Short text fragments from websites:
=======

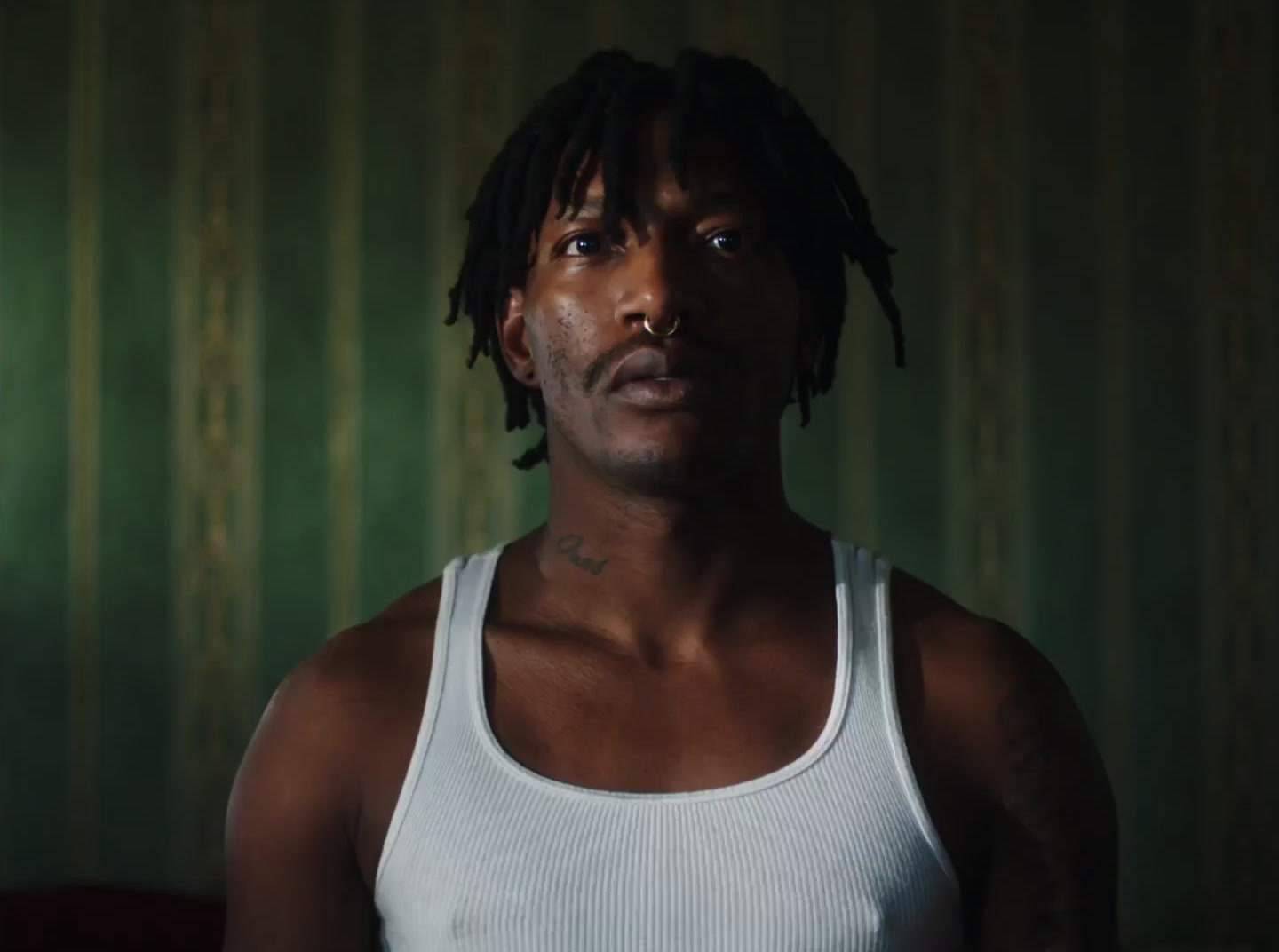 a man with dreadlocks standing in a dark room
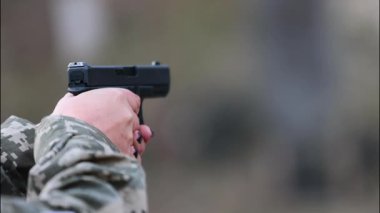 Kamuflajlı bir kadın tabancayı doğrultuyor. Kadınların güçlendirilmesi, modern savunma ve disiplinli odaklanma kavramı..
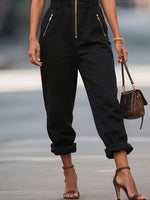 Person wearing black pants with gold zippers, holding a brown handbag on a blurred background
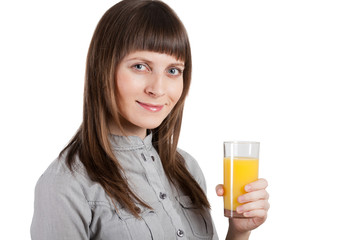 woman drinks an orange juice. Isolated on white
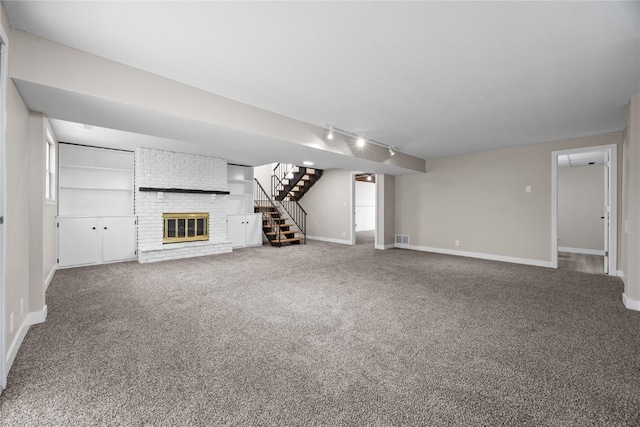 6612 Boulder Dr, Cedar Rapids, IA 52405 - unfurnished living room with track lighting, stairway, carpet floors, and a fireplace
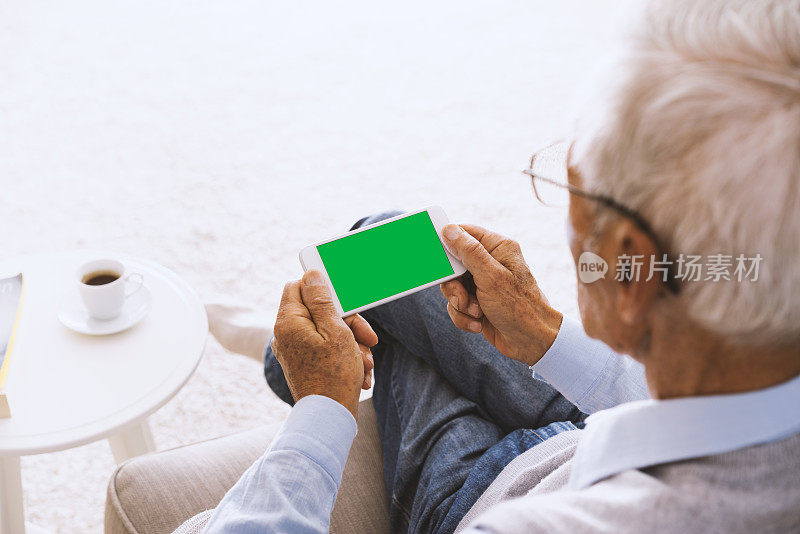坐在沙发上用绿屏智能手机的老人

=======

__INSTRUCTIONS TO FOLLOW__.
Only the text of the records above is to be reproduced, exactly as given; the pictures are dropped.

__EXERCISE RESULT__.
 a man with dreadlocks standing in a dark room
 Kamuflajlı bir kadın tabancayı doğrultuyor. Kadınların güçlendirilmesi, modern savunma ve disiplinli odaklanma kavramı..
 Person wearing black pants with gold zippers, holding a brown handbag on a blurred background
 woman drinks an orange juice. Isolated on white
 6612 Boulder Dr, Cedar Rapids, IA 52405 - unfurnished living room with track lighting, stairway, carpet floors, and a fireplace
坐在沙发上用绿屏智能手机的老人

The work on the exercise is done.